#### Data extract:

══════════════════════════════

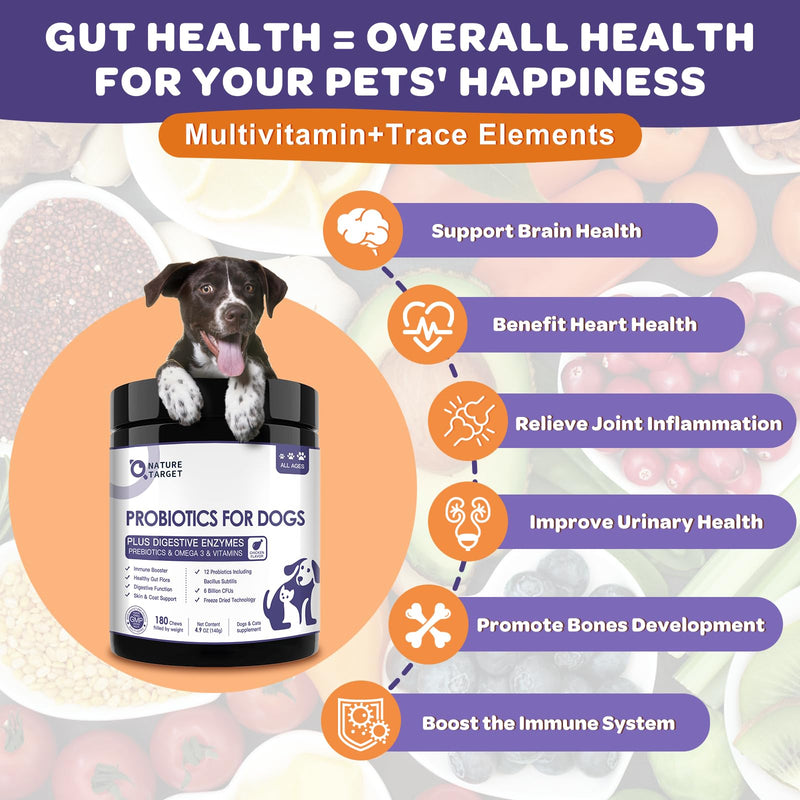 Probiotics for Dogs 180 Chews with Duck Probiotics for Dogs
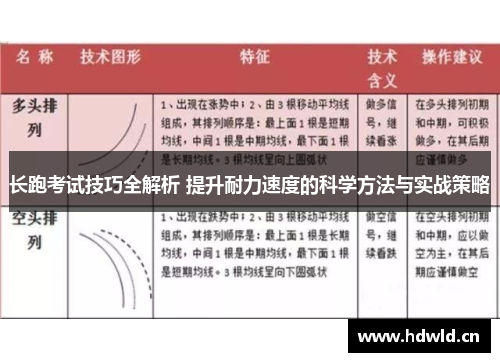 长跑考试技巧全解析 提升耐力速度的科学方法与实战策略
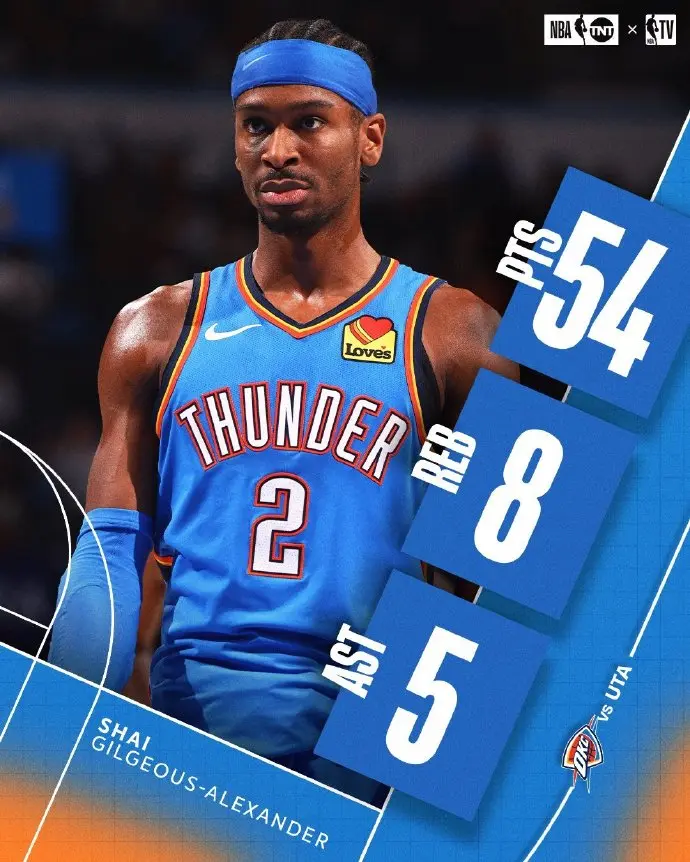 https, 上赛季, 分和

══════════════════════════════

#### What is needed:
Return the material as it stands. Leave out the pictures.

#### Result of this task:
 Probiotics for Dogs 180 Chews with Duck Probiotics for Dogs
 长跑考试技巧全解析 提升耐力速度的科学方法与实战策略
 https, 上赛季, 分和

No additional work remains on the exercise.